La réunion de Stuttgart
L’ancienne « Pan Sahel Initiative » lancée en 2002, reconduite en 2004 et 2006 a été rebaptisée « Trans-Sahara Counter Terrorism Initiative ».
La genèse de ce programme remonte aux 23 et 24 mars 2004, quand les chefs d’état-major de huit pays (Tchad, Mali, Mauritanie, Maroc, Niger, Sénégal, Algérie, Tunisie) ont, pour la première fois, participé à une discrète réunion au siège du commandement européen de l’armée américaine (US-Eucom), à Stuttgart. Présentée comme « sans précédent », la rencontre, dont les travaux sont restés secrets, concernait la « coopération militaire dans la lutte globale contre le terrorisme » ; elle traitait du Sahel, zone tampon entre le Maghreb et l’Afrique noire, entre les zones pétrolières du Nord et celles du golfe de Guinée. L’enjeu n’était pas seulement de contrer l’enracinement des troupes affiliées à Al Qaïda dans le Sahel, mais surtout contrôler le pétrole africain.

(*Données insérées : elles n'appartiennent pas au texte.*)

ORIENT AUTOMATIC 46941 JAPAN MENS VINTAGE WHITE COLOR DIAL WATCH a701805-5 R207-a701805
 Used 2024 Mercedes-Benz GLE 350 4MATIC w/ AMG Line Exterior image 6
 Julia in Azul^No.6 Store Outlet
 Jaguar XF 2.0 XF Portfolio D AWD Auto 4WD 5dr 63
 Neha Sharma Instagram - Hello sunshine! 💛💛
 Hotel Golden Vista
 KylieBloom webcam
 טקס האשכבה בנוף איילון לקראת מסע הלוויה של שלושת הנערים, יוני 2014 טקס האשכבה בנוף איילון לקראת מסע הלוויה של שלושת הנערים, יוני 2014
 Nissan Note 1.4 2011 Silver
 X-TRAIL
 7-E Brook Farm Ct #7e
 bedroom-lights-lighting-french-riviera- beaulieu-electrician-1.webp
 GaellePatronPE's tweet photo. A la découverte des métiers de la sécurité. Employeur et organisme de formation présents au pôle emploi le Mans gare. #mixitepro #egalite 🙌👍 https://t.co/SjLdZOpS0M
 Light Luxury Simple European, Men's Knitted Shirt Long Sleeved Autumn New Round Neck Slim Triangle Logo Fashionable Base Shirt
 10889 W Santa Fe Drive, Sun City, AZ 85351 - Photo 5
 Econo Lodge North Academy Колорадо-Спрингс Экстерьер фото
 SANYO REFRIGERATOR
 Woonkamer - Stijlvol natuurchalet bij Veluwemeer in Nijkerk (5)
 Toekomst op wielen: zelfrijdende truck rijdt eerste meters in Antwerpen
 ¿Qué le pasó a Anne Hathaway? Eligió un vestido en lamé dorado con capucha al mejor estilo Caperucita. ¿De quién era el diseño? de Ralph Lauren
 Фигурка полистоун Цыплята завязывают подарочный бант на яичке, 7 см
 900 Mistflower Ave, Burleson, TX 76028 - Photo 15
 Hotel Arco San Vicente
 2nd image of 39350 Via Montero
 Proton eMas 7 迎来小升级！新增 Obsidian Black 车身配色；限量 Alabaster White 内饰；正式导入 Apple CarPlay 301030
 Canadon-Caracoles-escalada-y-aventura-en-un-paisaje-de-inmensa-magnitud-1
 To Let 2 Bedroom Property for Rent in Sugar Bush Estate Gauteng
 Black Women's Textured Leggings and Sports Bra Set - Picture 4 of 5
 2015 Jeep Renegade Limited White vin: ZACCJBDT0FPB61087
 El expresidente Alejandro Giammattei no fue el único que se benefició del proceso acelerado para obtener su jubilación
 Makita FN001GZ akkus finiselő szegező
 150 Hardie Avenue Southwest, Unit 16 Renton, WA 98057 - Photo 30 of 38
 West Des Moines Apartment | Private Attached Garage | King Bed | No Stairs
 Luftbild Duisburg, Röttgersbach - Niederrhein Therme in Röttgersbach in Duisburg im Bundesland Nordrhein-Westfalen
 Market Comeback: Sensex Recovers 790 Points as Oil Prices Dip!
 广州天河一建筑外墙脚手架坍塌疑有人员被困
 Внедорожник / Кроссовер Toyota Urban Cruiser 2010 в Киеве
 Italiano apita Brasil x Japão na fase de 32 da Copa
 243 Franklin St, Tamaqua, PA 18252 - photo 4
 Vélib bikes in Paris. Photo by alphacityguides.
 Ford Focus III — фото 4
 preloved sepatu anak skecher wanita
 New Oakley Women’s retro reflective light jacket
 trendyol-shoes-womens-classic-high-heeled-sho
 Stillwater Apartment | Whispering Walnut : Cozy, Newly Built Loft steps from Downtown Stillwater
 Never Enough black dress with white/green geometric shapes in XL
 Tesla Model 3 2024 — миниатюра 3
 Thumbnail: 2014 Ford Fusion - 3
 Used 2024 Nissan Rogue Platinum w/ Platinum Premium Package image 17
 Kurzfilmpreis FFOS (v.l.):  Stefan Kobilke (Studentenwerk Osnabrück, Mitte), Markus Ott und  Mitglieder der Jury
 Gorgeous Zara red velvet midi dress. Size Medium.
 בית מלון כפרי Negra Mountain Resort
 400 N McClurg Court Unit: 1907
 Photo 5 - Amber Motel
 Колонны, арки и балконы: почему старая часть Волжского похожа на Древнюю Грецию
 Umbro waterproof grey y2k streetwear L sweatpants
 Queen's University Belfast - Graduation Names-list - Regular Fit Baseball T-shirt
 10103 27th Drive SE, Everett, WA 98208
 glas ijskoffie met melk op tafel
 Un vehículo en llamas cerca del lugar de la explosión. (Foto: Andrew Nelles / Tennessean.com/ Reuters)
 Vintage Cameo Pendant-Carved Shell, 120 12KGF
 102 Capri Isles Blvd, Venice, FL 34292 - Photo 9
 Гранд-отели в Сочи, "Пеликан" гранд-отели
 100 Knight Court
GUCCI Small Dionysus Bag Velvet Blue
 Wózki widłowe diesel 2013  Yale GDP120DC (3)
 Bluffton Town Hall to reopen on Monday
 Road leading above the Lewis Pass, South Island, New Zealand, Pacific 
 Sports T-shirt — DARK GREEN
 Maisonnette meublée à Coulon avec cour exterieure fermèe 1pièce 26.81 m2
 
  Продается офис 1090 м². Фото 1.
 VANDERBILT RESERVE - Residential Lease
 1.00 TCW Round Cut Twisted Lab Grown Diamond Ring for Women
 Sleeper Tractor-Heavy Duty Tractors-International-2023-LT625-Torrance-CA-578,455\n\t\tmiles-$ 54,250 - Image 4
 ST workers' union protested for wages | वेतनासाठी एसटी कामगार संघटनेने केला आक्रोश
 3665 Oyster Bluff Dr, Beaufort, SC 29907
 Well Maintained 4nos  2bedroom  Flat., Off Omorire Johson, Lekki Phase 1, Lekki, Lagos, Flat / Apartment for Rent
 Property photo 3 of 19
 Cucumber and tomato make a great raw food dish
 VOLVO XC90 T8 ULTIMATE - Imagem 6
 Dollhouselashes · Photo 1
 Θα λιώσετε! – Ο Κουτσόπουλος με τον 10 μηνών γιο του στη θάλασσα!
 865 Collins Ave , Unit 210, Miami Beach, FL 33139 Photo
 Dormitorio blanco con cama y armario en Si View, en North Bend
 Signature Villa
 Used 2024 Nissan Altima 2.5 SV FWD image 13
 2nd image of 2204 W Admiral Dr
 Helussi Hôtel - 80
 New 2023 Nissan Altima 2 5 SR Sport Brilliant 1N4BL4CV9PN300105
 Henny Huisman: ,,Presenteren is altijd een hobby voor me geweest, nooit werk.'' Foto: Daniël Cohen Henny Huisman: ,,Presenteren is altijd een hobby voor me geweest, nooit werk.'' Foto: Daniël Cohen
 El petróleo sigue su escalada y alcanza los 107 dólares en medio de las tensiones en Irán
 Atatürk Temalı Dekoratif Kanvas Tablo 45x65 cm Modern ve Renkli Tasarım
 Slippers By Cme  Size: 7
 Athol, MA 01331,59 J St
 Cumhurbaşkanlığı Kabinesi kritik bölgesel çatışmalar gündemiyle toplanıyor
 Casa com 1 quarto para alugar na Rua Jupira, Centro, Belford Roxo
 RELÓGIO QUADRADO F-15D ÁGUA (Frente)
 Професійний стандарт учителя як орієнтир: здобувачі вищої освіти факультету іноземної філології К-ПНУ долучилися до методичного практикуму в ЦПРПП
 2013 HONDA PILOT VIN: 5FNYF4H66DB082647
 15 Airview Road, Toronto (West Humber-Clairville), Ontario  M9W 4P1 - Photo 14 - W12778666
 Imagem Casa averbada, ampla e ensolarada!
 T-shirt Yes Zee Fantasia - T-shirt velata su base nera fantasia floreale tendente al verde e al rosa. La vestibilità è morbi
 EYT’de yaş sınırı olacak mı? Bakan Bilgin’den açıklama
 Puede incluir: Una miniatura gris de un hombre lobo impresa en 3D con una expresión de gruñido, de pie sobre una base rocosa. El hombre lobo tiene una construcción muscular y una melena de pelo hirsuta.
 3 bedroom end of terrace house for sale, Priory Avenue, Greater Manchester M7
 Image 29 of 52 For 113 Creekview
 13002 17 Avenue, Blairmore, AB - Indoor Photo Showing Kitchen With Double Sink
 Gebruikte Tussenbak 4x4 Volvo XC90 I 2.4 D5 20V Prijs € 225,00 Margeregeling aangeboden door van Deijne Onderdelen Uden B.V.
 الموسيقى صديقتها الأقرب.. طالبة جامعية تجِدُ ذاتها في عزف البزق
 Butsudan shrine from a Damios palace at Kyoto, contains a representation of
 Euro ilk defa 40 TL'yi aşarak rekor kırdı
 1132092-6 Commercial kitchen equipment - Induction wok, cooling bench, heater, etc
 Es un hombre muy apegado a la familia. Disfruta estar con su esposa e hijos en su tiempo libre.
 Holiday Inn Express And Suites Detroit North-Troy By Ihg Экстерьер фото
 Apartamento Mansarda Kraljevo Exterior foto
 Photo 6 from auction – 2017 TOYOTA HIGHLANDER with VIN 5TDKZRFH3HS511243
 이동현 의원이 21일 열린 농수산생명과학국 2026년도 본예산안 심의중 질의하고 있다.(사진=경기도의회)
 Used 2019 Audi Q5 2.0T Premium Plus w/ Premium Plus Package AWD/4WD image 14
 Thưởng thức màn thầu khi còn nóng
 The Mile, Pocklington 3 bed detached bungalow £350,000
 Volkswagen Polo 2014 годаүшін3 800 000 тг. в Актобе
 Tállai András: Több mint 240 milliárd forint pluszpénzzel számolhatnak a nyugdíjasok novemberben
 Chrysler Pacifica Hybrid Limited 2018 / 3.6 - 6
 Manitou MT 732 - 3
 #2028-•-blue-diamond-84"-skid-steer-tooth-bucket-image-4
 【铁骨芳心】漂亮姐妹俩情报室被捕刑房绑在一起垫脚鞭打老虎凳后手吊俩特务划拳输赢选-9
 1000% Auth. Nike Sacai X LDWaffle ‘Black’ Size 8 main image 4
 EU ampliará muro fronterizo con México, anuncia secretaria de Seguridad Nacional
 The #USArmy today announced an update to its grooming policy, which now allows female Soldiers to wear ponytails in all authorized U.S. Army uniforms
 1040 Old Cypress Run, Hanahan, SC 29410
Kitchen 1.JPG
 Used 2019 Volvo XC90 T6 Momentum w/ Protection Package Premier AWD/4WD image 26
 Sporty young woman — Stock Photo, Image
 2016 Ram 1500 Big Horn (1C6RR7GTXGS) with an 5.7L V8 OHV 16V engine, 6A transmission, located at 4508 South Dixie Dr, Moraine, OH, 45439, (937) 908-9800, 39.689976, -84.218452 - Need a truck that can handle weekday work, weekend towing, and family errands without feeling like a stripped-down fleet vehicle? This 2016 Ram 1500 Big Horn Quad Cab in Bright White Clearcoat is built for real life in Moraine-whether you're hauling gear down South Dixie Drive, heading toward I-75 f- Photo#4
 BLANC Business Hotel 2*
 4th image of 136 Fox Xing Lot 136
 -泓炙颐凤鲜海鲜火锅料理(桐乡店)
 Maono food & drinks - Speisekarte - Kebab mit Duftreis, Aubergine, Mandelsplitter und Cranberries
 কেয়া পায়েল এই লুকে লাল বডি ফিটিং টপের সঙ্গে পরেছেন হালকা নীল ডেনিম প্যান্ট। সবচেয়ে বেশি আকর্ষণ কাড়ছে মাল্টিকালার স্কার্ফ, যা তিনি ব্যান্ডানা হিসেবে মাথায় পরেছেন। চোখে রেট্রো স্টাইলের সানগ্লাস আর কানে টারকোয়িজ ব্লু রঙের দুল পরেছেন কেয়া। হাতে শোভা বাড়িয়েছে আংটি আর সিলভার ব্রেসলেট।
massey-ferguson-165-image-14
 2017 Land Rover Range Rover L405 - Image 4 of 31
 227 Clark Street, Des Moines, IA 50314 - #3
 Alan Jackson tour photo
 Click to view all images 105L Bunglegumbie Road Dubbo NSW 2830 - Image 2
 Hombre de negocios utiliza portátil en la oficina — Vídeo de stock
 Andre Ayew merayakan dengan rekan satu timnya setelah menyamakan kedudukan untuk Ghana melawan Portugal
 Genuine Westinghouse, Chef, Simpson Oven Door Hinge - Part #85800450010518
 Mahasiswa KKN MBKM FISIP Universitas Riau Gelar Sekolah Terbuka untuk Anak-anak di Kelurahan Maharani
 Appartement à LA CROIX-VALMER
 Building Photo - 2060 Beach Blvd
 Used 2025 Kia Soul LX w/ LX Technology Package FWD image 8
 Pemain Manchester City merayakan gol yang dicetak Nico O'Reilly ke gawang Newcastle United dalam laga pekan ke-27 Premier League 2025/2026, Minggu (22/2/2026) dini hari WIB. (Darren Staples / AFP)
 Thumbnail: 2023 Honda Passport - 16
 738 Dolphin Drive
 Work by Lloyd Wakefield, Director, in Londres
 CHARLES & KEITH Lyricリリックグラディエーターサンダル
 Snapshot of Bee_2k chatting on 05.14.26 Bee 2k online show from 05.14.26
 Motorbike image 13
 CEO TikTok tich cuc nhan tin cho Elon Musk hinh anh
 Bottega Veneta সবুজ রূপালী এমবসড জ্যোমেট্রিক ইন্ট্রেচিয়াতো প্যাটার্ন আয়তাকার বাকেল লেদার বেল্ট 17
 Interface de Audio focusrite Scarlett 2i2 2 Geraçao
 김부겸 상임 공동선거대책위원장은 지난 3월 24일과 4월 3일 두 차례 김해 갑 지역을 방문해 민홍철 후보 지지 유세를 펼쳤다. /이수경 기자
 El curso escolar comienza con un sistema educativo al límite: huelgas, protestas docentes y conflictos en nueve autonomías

La réunion qui avait regroupé récemment à Stuttgart, les plus hauts responsables militaires maghrébins et Sahéliens et leurs homologues américains du commandement européen des forces armées américaines (Uscom), a mis l’accent sur le fait que cette région est devenue « un nouvel Afghanistan, où des groupes armées islamistes bien financés recrutent, s’entraînent et s’arment ».